College students across the country have been strapping empty holsters around their waists this week to protest laws that prohibit concealed weapons on campus, citing concerns over campus shootings.

"People who would otherwise be able to defend themselves are left defenseless when on campus," said Ethan Bratt, a graduate student wearing an empty holster this week on the campus of Seattle Pacific University.

Students for Concealed Carry on Campus, a group of college students, parents and citizens who organized after the deadly shootings at Virginia Tech University in April, launched the protest.

A national debate over gun laws on campus began in the wake of those shootings, in which a deranged student killed 32 people in a classroom building before committing suicide. It was the deadliest mass shooting in U.S. history.

Campuses are prime targets for people intent on harming others because laws prohibit concealed weapons there, Bratt said.

But others believe college is no place for firearms.

"You don't like the fact that you can't have a gun on your college campus? Drop out of school," said Peter Hamm, a spokesman for the Brady Center to Prevent Gun Violence.

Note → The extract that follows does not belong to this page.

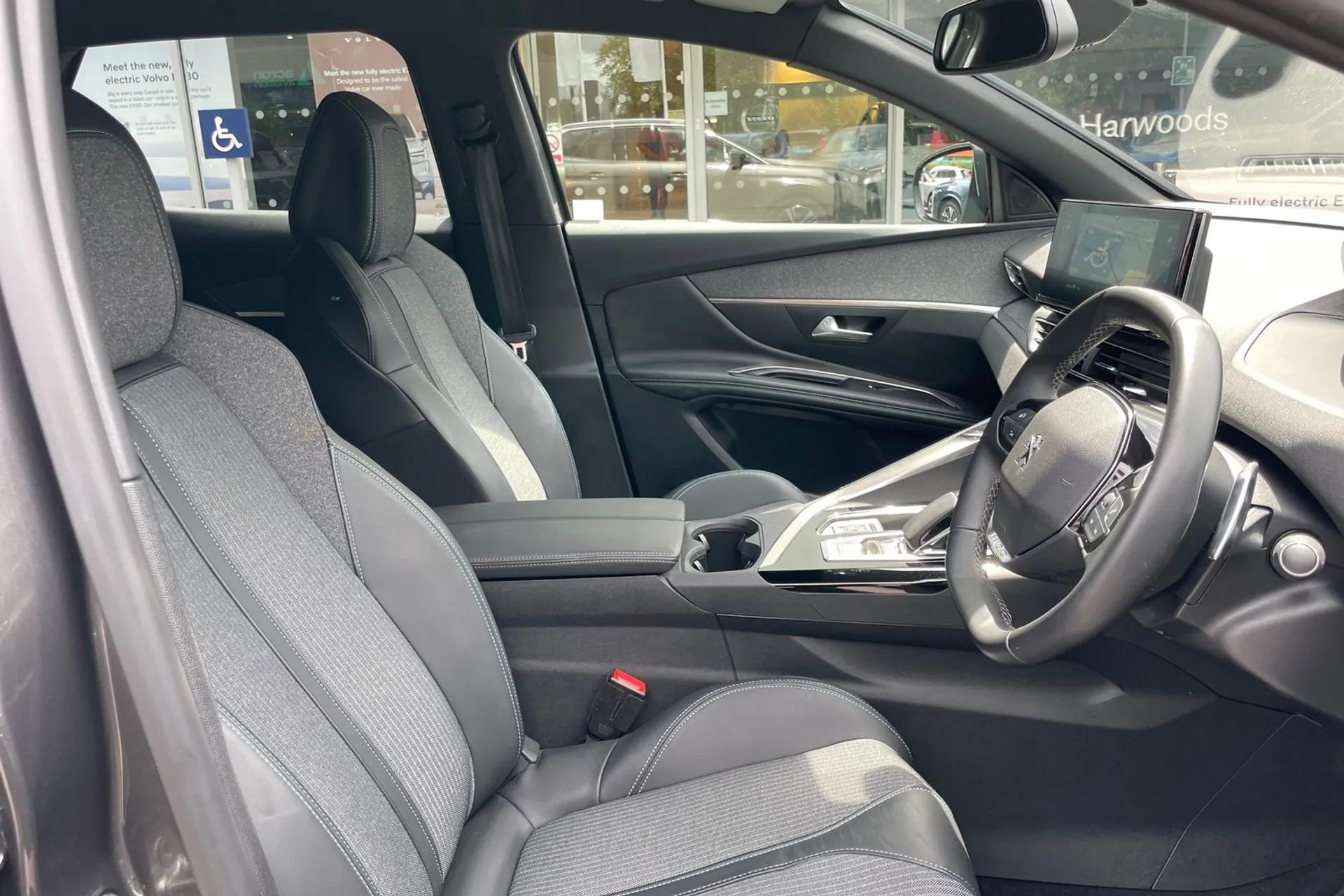 PEUGEOT 3008 thumbnail image number 25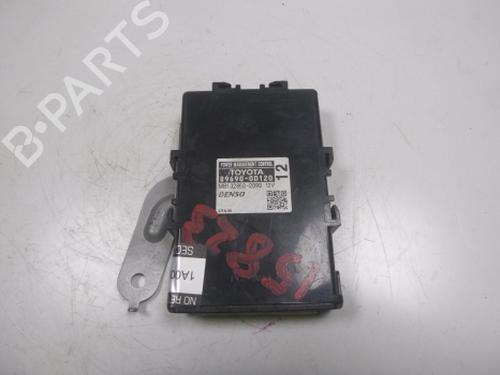 Used Electronic module Electronic module TOYOTA YARIS (_P13_) 1.0 (KSP130_, KSP130) (69 hp) 38804954 38804954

When someone pulls out a gun and starts firing in a crowded environment, it's more likely that additional victims will be harmed, Hamm said.

"Let's be grateful that those holsters are empty," he said.

Click here to visit the Students for Concealed Carry on Campus Web site.

Click here to visit the Brady Center's Web site.

A group of 12 students chose to wear empty holsters to class this week at the University of Idaho as part of the nationwide protest.

Aled Baker, a junior, said he loses his constitutional right to protect himself and others when he steps on campus.

"It's null and void when you go on campus," the mechanical engineering student said.

Baker, a sportsman and hunter, has a license to carry a concealed handgun and hopes the protest will get people talking about the issue.

Many universities, like George Washington University, prohibit carrying concealed handguns on campuses.

"We do not allow weapons on campus for the safety and security of our student body and faculty," said Tracy Schario, spokeswoman for George Washington University in Washington, D.C.

Justin Turner, a senior in criminology and history at Florida State University, also wants the ability to carry a concealed handgun on campus.

"I'm hoping that people actually realize that this is something that college students are serious about moving forward and realize that it's not about taking the law into your own hands; it's about taking personal responsibility for yourself," said Turner, chairman of the Florida State chapter of Students for the Second Amendment.

Congress is considering legislation that would tighten background checks and give states funding to submit information to a national database that would prevent guns from being sold to dangerous buyers. House lawmakers passed the legislation, but it remains in the Senate.

"It fixes the problem that the states are not submitting the necessary records of people who have been found by a court to be dangerously mentally ill," Hamm said.

Family members and survivors of the Virginia Tech shootings recently visited members of Congress to urge lawmakers to pass the legislation they believe could help prevent future tragedies.